As for the sustainability argument, the secretaries of Health and Human Services and Agriculture announced last October that environmental impact would not be a consideration in the final document, calling it outside “the scope of our mandate . . . which is to provide nutritional and dietary information.”

Griffin, director of the Agriculture, Food and Environment program at the Friedman School, says that even though it didn’t make it into the final guidelines, making the case for sustainability was worth it.

“The fact that the conversation is being had and continues to be had is a positive thing,” he says. “They can’t undo the conversation.

“Somebody reminded me that it took multiple rounds of the Dietary Guidelines to get physical activity in there,” he says, noting that it is now an accepted component of the document. “It gives me some hope for the future.”

Others have pointed out still more shortcomings in the guidelines. Dariush Mozaffarian, the dean of the Friedman School, says “a second glaring omission is that the strong Dietary Guidelines Advisory Committee recommendation to limit starches, such as white potatoes, and refined grains, such as white bread, was not only ignored, but actually countered with specific language that Americans should eat these foods.”
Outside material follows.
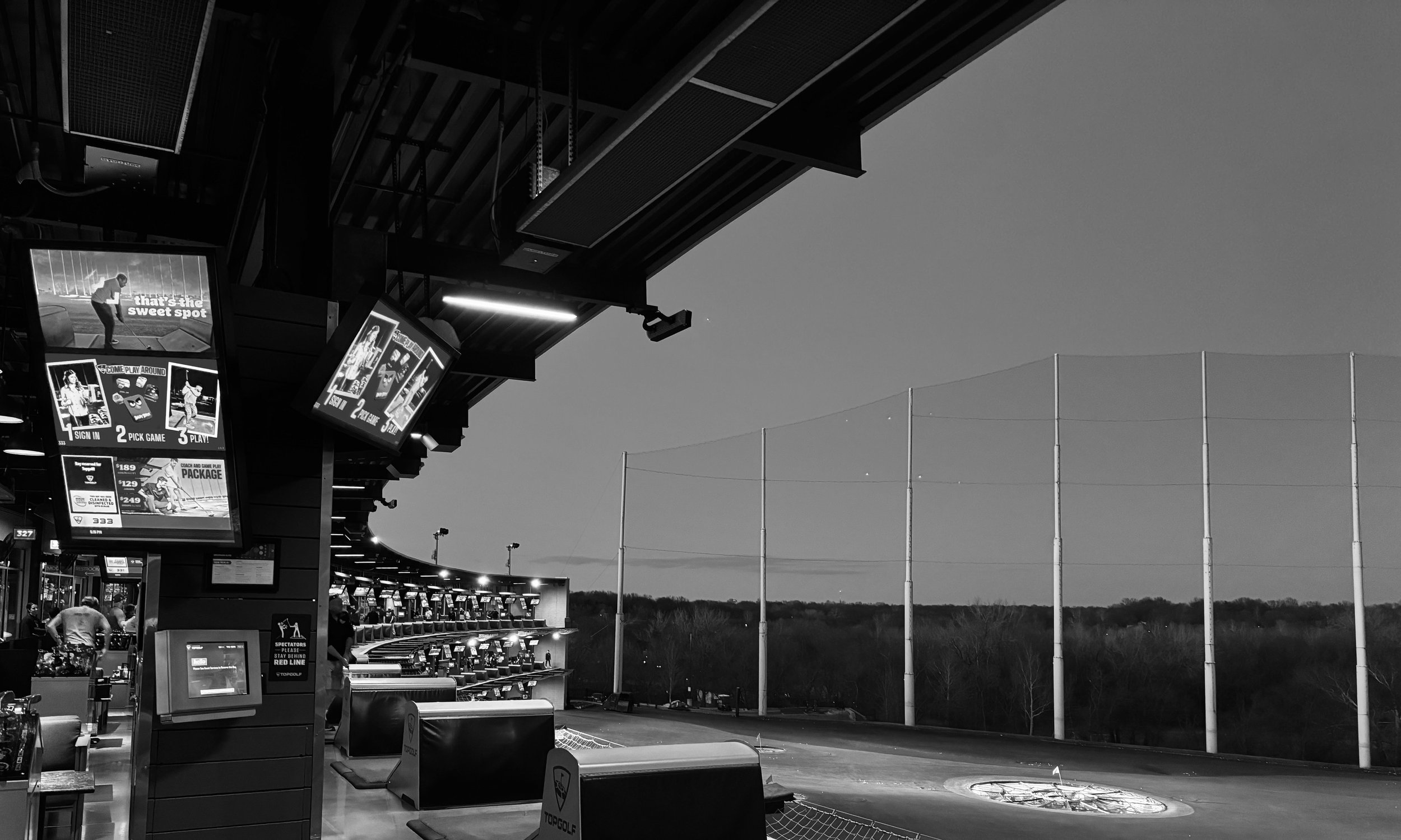 watermarkPhoto-19(10).jpeg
“The guidelines are still highly fat-phobic and implicitly low-fat,” he says, pointing out that while lower total fat is no longer explicitly recommended, there are warnings about the calories in fat-rich nuts and vegetable oils.

The guidelines recommend “lean meats,” even though he says there is little evidence that lean meats are healthier. He says there is extensive evidence, however, that processed meats, such as bacon and hot dogs, increase the risk of cardiovascular disease and diabetes, yet the guidelines say that “these products can be accommodated” in a healthy diet.

The guidelines reflect “obvious fear and inability to recommend reduced intake of almost any food,” he writes. “Clearly, this is sacrificing the health of Americans for the benefit of the U.S. and multinational food industry.”

Lichtenstein acknowledges that the document is not perfect. “Would each person on the committee have done it slightly differently? I think so,” she says. She, for example, doesn’t see the benefit in the specific 10 percent limit on added sugars, calling it an impractical thing for the average person to calculate; better to tell people to avoid the major sources, such as sugary drinks. But she doesn’t want that to take away from what she sees as progress in the guidelines.

“Is the current end product a good one? Yes, I would say it is.”